A irmã do senador segue em prisão domiciliar por ter abordado o empresário para tratar da transação sobre o imóvel e intermediado pagamento de propina ao irmão.

Nostalgia e tristeza

A prisão da irmã e o constrangimento pelo declínio da carreira de quem recebeu mais de 50 milhões de votos na disputa presidencial de 2014 e foi afastado do mandato por uma denúncia de corrupção deixou Aécio abalado.

A tristeza do senador ficou evidente no primeiro discurso em seu retorno ao Senado. Ele afirmou que nos últimos dias ficou indignado e profundamente triste, mas ressaltou que em nenhum instante perdeu a serenidade e o equilíbrio.

Não cheguei ontem na vida pública, nessas últimas semanas deixei-me embalar por certas nostalgias.

O senador disse que errou por deixar envolver "nessas tramas ardilosas e principalmente por permitir que os familiares servissem de massa de manobra para servir a esses espúrios" e "interesses nefastos". Disse ainda ter errado pelo uso de linguajar que não o é "comum".

Vocabulário

O "vocabulário incomum" aparece em uma das conversas em que ele relata um plano para barrar a Lava Jato. "O que vai acontecer agora, vai vir inquérito sobre uma porrada de gente, caralho, eles aqui são tão bunda mole que eles não notaram o cara que vai distribuir os inquéritos para os delegados", disse, referindo-se ao ministro Alexandre de Moraes, ex-integrante do PSDB e indicado por Temer para o STF.

"Você tem lá, sei lá, dois mil delegados da Polícia Federal, aí tem que escolher dez caras. O do Moreira, o que interessa ele, sei lá, vai pro João. O do Aécio vai pro Zé. O outro filho da puta vai pro, foda-se, vai para o Marculino, nem isso conseguiram terminar. Eu, o Alexandre e o Michel", continua.

Aécio disse que estava fazendo críticas, em caráter privado, às investigações. O linguajar também é usado em uma das gravações interceptadas pela Polícia Federal. Na conversa, Aécio repreende o colega o senador Zezé Perrella (PMDB-MG).

"Deixa eu te falar bem rapidamente aqui. Eu acho que não preciso provar o quanto sou teu amigo na vida, né cara? Então, vou te falar aqui como amigo, com a liberdade de amigo. Olhe, poucas vezes eu vi uma declaração tão escrota, Zeze, como essa que você deu hoje", disse o senador.

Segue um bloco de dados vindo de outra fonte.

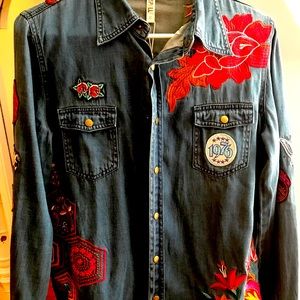 NWT Spell flower child denim shirt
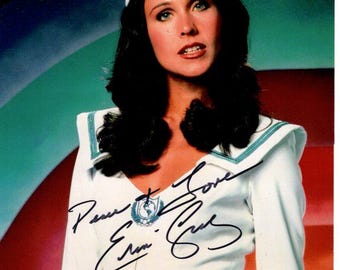 Erin Gray ha firmato la fotografia autografata 8x10 di Buck Rogers nel 25° secolo Wilma BAS Beckett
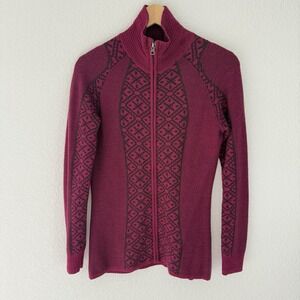 Smartwool Full Zip Sweater Womens Medium Magenta Geometric Print Ski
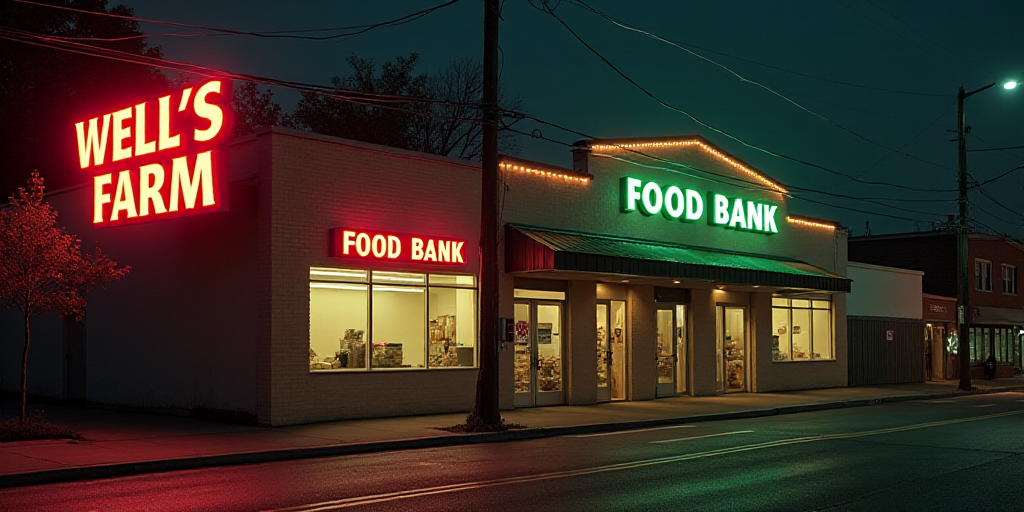 a sign that says wells farm and a sign that says food bank on it in a building with lights, Elbridge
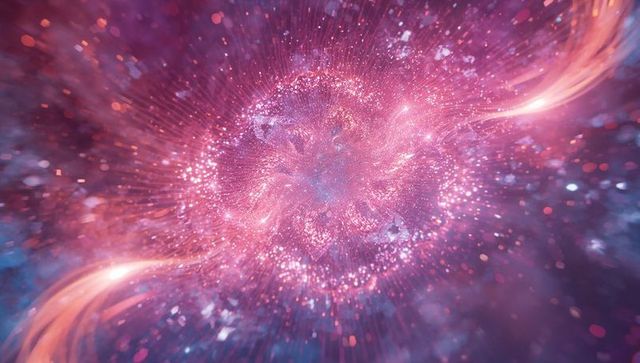 Vibrant celestial energy vortex with cosmic sparks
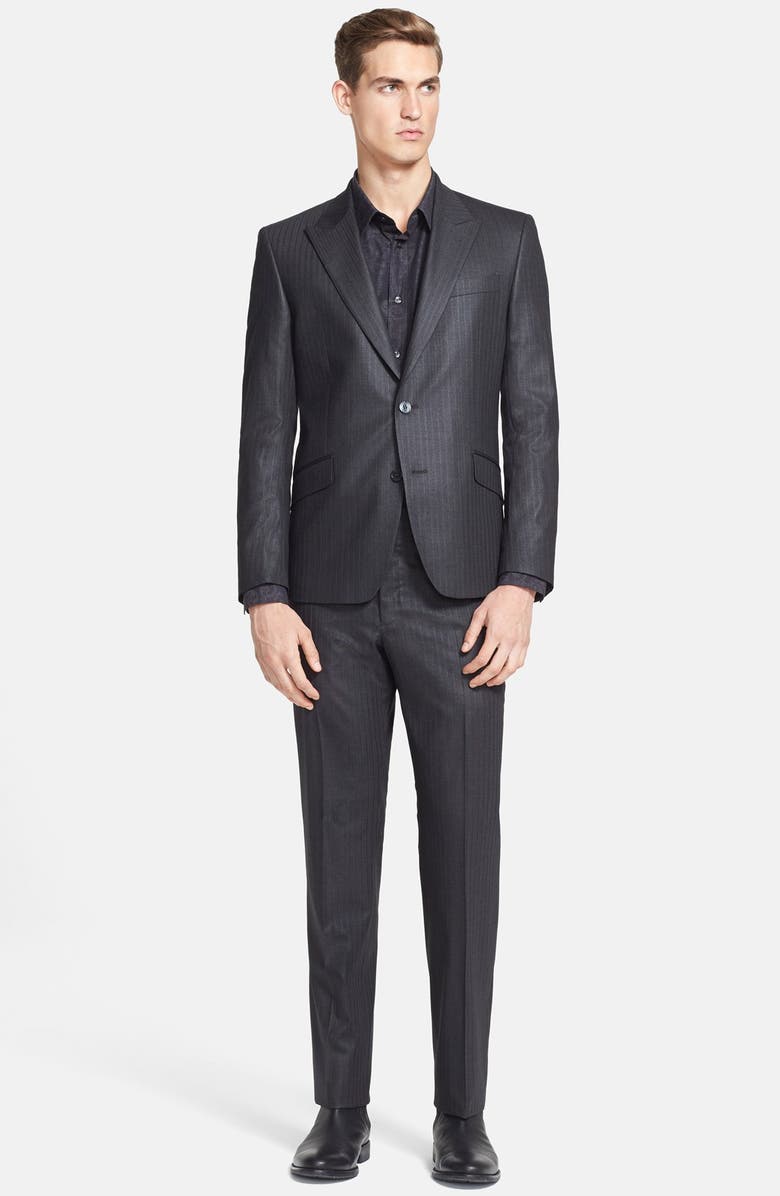 Versace Collection Trim Fit Stripe Peak Lapel Suit | Nordstrom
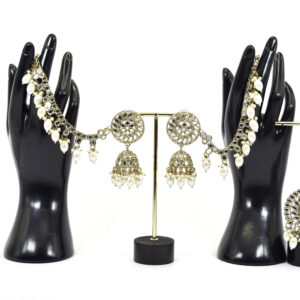 Mirror Work Jhumka Set with Maang Tikka and Kaan Chain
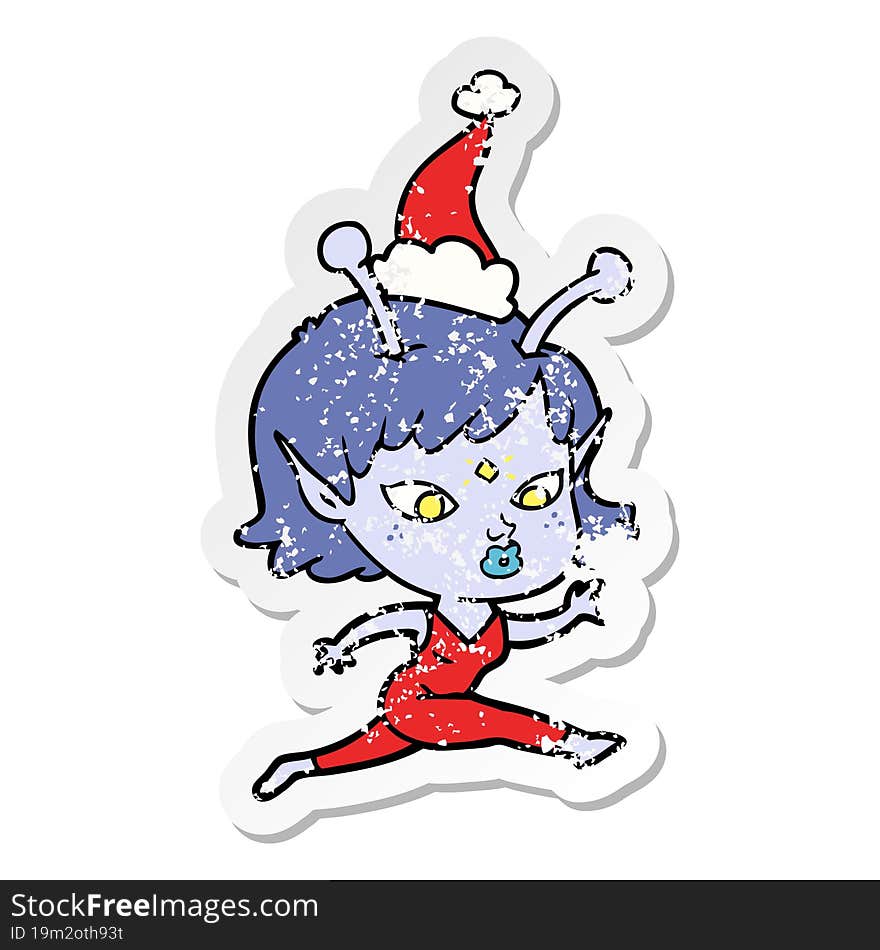 Pretty Distressed Sticker Cartoon Of A Alien Girl Running Wearing Santa Hat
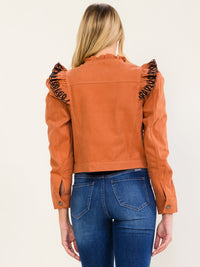 WOMEN'S LONG SLEEVE BUTTON UP RUFFLE EMBROIDERY DETAILED JACKET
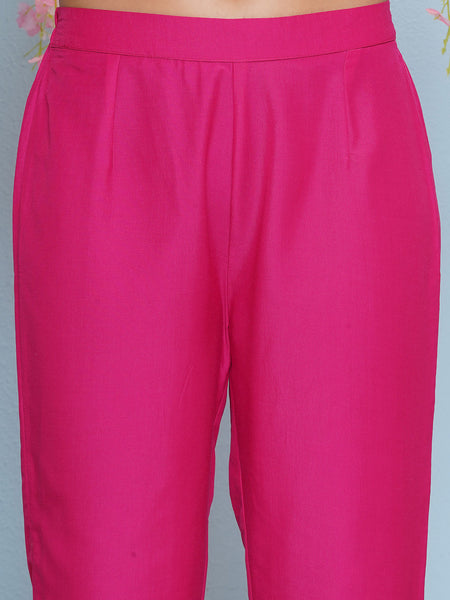 Orange And Pink Dual Tone Hand Embellished Kaftaan with Pants-WRKS197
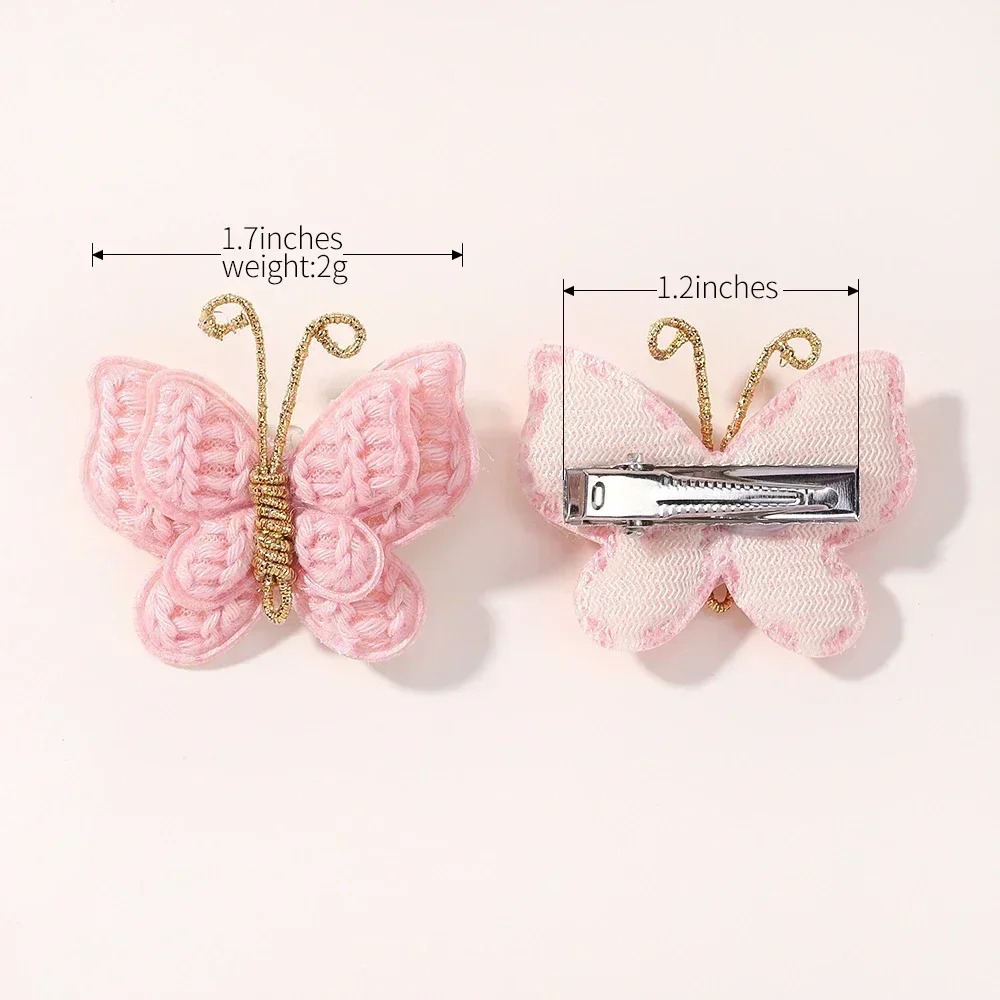 Hair Accessories 4Pcs/set Cute Baby Girls Knitting Headwear Handmade Crochet Butterfly Alloy Hairs Clips Kids Hairpins Fashion Desgin Headwear
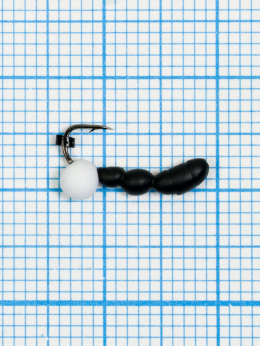 Мормышка Лесной Муравей Drops белый (Formica RUFA) 0,38/16, чёрный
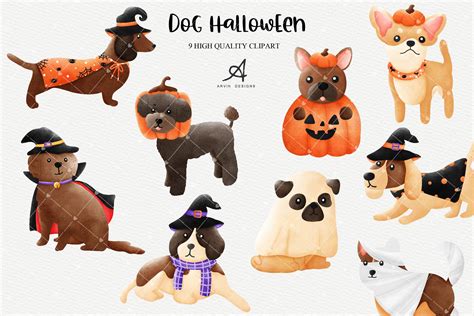 Halloween Cute Dog Clipart Graphic by ArvinDesigns · Creative Fabrica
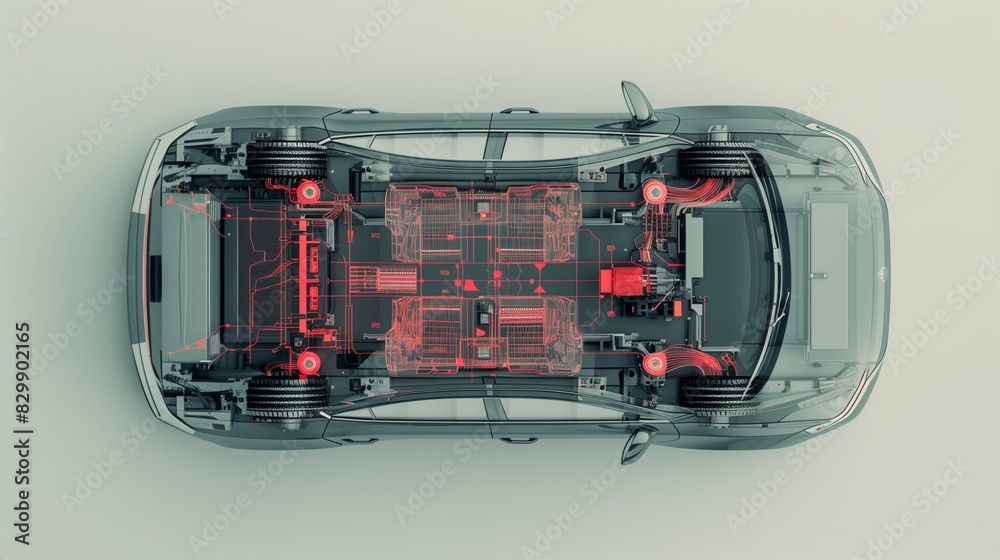 Obraz premium e/e architecture of software defined vehicle 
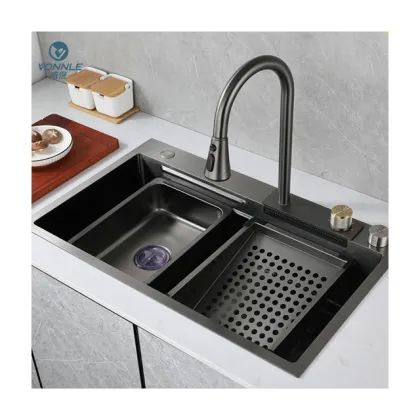 Feiyu Waterfall Sink: 304 Stainless Steel Kitchen Basin with Single Bowl Design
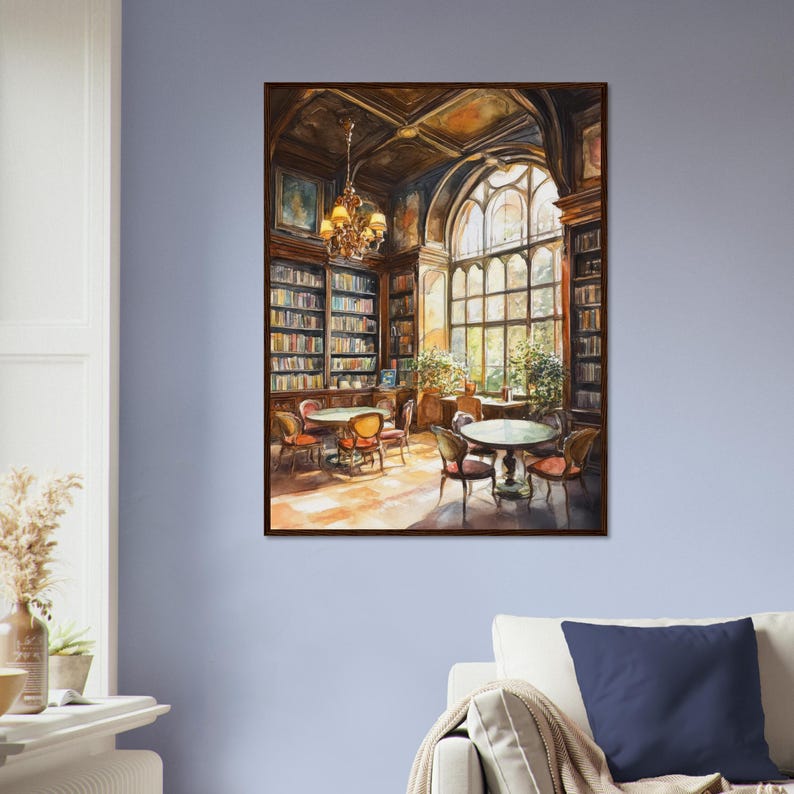 Classic Library Interior Watercolor Print: Elegant Reading Room Wall ...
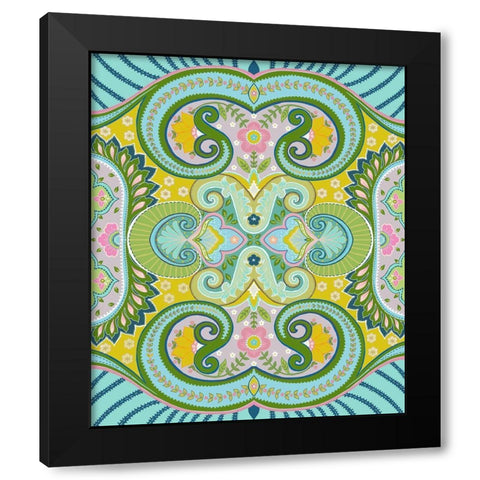 20-74 Emerald Black Modern Wood Framed Art Print with Double Matting by HUE and MI and Sangita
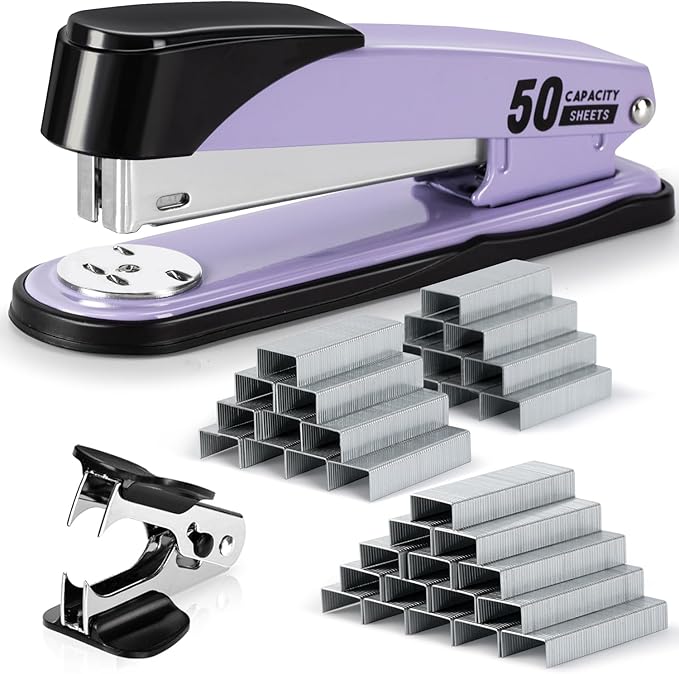 Deli Stapler Heavy Duty, Full Strip Staplers for Desk with 2000 Staples and Staple Remover, 50 Sheet Capacity, No Jam, Non-Slip Office Stapler with Staples for Office, Classroom, Purple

A conversa em que os dois falam sobre financiamento de campanha termina com os senadores rindo de uma reposta de Perrella: "Porque eu sou muito agredido pelo negócio do helicóptero até hoje, sabe Aécio? Eu não faço nada de errado, eu só trafico drogas".

Aos colegas senadores, Aécio lembrou de episódios importantes de sua vida pública, como a militância pelas eleições diretas no fim do regime militar e pela Constituinte, que permitiu o voto aos 16 anos. Disse ainda que sempre atuou na defesa do interesse público e na busca por transparência e controle.